They were, of course, accustomed to playing live, but previously they had only played in front of their own kind, and they had never even dreamed of playing in front of such a large audience before. Even something as large as a Whale's brain could not begin to fathom the mathematics of the potential TV ratings, and so there's no point in even trying to explain its size to something as pitifully small as a human brain. Let's just say more huge than you'd like your bank balance to be, and leave it at that.
Whatsmore, the rehearsals had not been going very well. They Whales found the purple water to be somewhat distracting, and they just couldn't seem to shake off that dreadful hippy entourage that kept following them around. Even more distracting was the reverb the record producer insisted they used as a special effect, and the quadraphonic echo caused by the prismatic rainbow inducing sea-salt was a major headache they could well do without, even if the hippies thought the psychedelic show was super groovy man.
Perhaps the most annoying part though was when their choreographer tried to teach them some special dance steps he had worked out for them. There was a major confrontation between the organisers of the concert and the Whales when they refused point blank to wiggle their fins about in what they considered to be an extremely undignified way. They also insisted that make up and costumes were totally out of the question, and they also refused to endorse 'Pete's Plankton in a series of commercials. The final straw was when they were asked to wear 'boppers'; two giant, shiny and metallic antenna, which stuck out of their heads like an android's erection.
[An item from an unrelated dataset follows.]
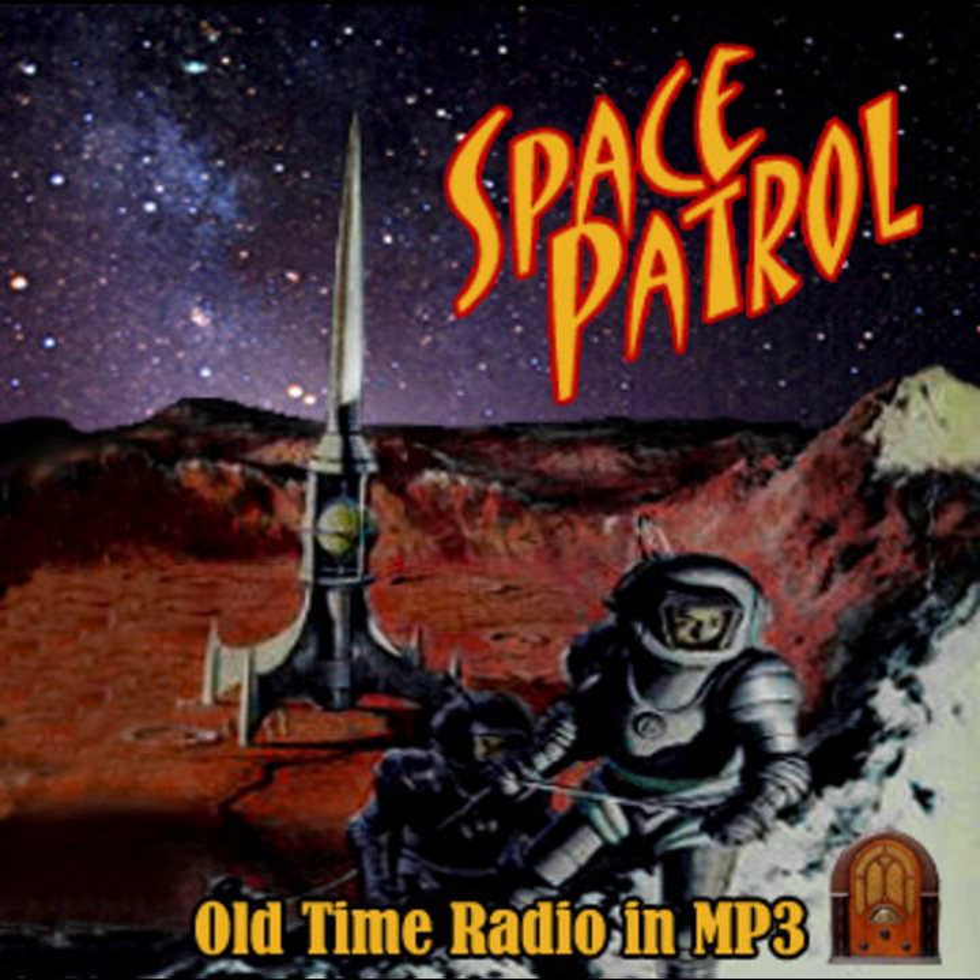In today's Space Patrol adventure, Buzz and Happy have landed on a distant continent to help 500 enslaved workers escape from a mine. Happy waits in the grounded ship while Buzz walks toward the robot-guarded mine shaft.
On top of the cylindrical poles were spinning star shapes, which girated in a ridiculous, and at the same time, suggestive way.
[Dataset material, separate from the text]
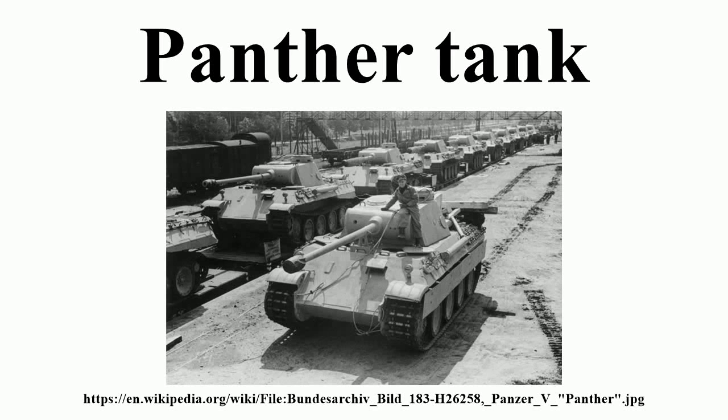The Panther was a German medium tank deployed during World War II on the eastern and western fronts in Europe from mid-1943 to its end in 1945. It had the Ordnance Inventory designation of Sd.Kfz. 171 until 27 February 1944, when it was designated as the Panzerkampfwagen V Panther, after Hitler ordered that the Roman numeral V be deleted. Contemporary English language reports sometimes refer to it as the Mark V.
Eventually, such an impasse was reached that the concert organisers had to call in their legal people to twist the Whale's fins a little.When they tried to complain about being manipulated and to demand the total artistic freedom they had been promised over all aspects of their work, the slick record company legal sharks simply referred them to the small print, or rather the minor clefs, of their sonic contract and told them to start being a bit more professional, or they would sue their blubber off, and they'd have to spend the rest of their days wallowing in debtor's pond.
The Whales had no option but to give in to the all the promoter's demands. The hour of truth, midnight, approached and the whale's had spent so much time in make up that they hadn't really had time to rehearse anything. That meant that it had been over five months now since they had really sung anything. On the space ship they had never really been able to get rid of the computer and his interminable poetry recitals, and they wondered if they would still be able to sing properly. But there simply wasn't any time to worry about it, as the Whales elegantly swam towards the stage.
They had been painted a translucent green and their entire bodies were sprinkled with a reflective silver stardust, which had been manufactured using a new laser technology which allowed each point of light that hit it to be fragmented into another 22 points of light, or rays, each one being a dramatically different colour, and through a copywriter process, each beam of light appeared to bend and swerve. As each whale had been sprinkled with approximately 12,000 of these silver stardust micro-machines, the overall effect went beyond the magnificent.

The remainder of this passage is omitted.